That’s if the shoes survive. Mould can also damage certain fibres meaning that the shoes may not be able to be saved.
How to Treat Mould Growth in the Wardrobe
The first thing you should do, wherever the mould is growing, is to ventilate the area and wear eye, mouth and hand protection wherever possible.
If you find mould growing in your wardrobe it can largely be treated with either white vinegar or bleach. Follow these steps to remove it:
- Mix one part water and one part vinegar, or one part bleach to three parts water. Never mix bleach and vinegar.
- Use a spray bottle to apply the mixture to the affected area.
- Wipe it down with a cloth.
- Rinse with water to remove any extra vinegar or bleach.
- Dry the area with a clean towel.
If this doesn’t seem to work, try the following:
- Use undiluted vinegar.
- Leave the solution to dry or overnight.
- Invest in a mould spray for the appropriate surface.
If the mould is on your clothes, you can pre-soak the items in bleach or vinegar and then wash them as usual.
As for shoes, the mould removal method will depend on the material of the shoes. Be sure to first take them outdoors if possible.
- Use a brush to remove all the mould from the surface.
- Vacuum up any tough to remove mould.
- Mix a solution of water and isopropyl alcohol (according to the instructions).
- Use a cloth soaked in the solution to wipe off the remaining mould.
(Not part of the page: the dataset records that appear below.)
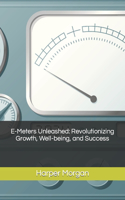 E-Meters Unleashed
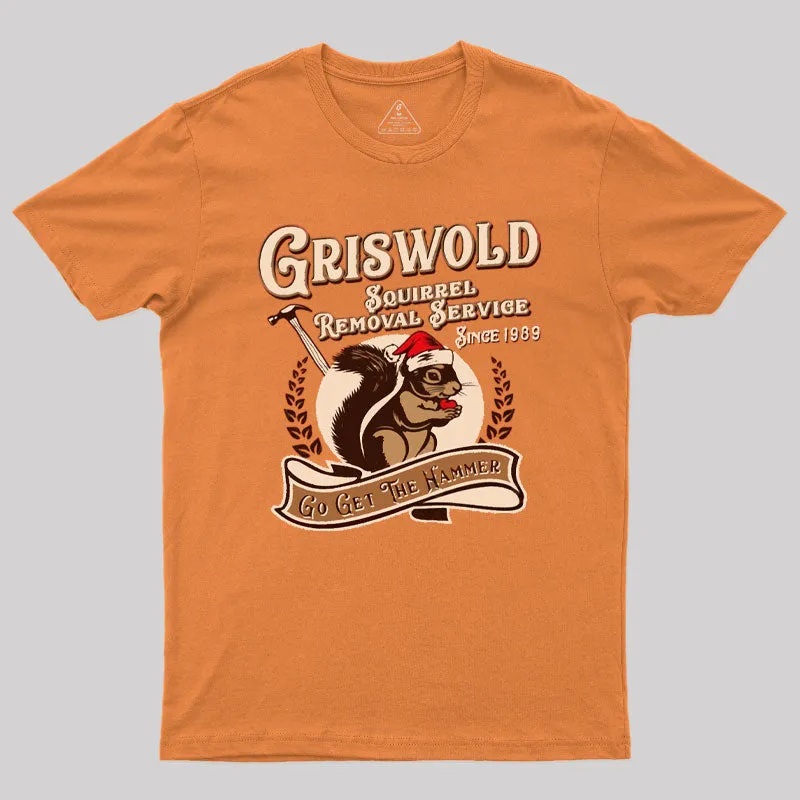 Griswold Squirrel Removal Service Geek T-Shirt - Image 6
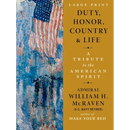 Duty, Honor, Country & Life: A Tribute to the American Spirit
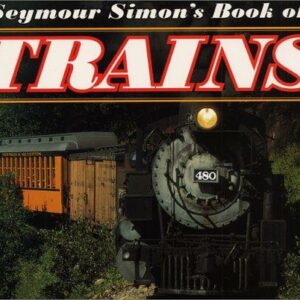 Seymour Simon's Book of Trains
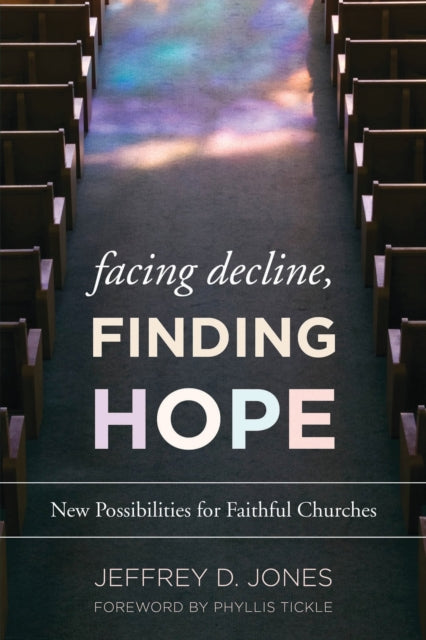 Book cover of: Facing Decline, Finding Hope. By: Jeffrey D. Jones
- Make sure the shoe is completely dry before storing.
Follow the above steps replacing the alcohol mixture with a vinegar and water solution.
- Insert newspaper into the shoes to absorb excess moisture.
- Brush the surface with a suede brush as the material is too delicate for a hard bristle brush.
- Apply undiluted vinegar to a cloth and wipe off any extra mould.
- Again, make sure the shoe is completely dry before putting it back.